Hello,
I’m trying to compute the (posterior) probability of the latent variable of a Gaussian mixture model over a new sample, in order to get a “soft clustering” for new samples.
I generate fake data with:
ndata = 500
k = 3 # number of mixture components
mus = np.array([-11, 0, 7])
zs = np.random.randint(0, k, ndata)
y_obs = mus[zs] + np.random.normal(size=ndata)
Following the example notebook I define the model:
with pm.Model() as model:
p = pm.Dirichlet("p", a=np.ones(k), shape=k)
z = pm.Categorical("z", p=p, shape=ndata)
μ = pm.Normal("μ", mu=[-1, 0, 1], sigma=15, shape=k)
# impose μ[0] < μ[1] < μ[2]
order_means_potential = pm.Potential(
"order_means_potential",
tt.switch(μ[0] > μ[1], -np.inf, 0) + tt.switch(μ[1] > μ[2], -np.inf, 0)
)
σ = pm.Uniform("σ", lower=0, upper=20)
y = pm.Normal("y", mu=μ[z], sigma=σ, observed=y_obs)
Then I sample from the posterior and from the posterior predictive:
with model:
trace = pm.sample(1000)
posterior_pred_trace = pm.sample_posterior_predictive(trace)

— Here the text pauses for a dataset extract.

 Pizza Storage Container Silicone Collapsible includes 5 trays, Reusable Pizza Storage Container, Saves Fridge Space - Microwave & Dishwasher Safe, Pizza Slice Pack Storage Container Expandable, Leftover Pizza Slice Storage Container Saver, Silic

I compare the posterior predictive with the observations:
plt.hist(y_obs, bins=40, density=True)
plt.hist(posterior_pred_trace['y'].reshape(-1), bins=40, density=True);
Now I would like to compute the probability of z for a new y_\mathrm{new}, in other words p(z = k| y_\mathrm{new}, \mathcal Y_\mathrm{obs}). I get that:
p(z=k|y_\mathrm{new},\mathcal Y_\mathrm{obs}) = \frac{p(y_\mathrm{new}, z=k|\mathcal Y_\mathrm{obs})}{\sum_k p(y_\mathrm{new}, z=k|\mathcal Y_\mathrm{obs})} = \frac{p(y_\mathrm{new}|z=k,\mathcal Y_\mathrm{obs})p(z=k|\mathcal Y_\mathrm{obs})}{\sum_k p(y_\mathrm{new}|z=k,\mathcal Y_\mathrm{obs})p(z=k|\mathcal Y_\mathrm{obs})}
but it is not clear to me how to proceed and estimate this value. Can this be estimated using the already computed posterior trace, or must I estimate the density (MAP or VI) first? Thank you!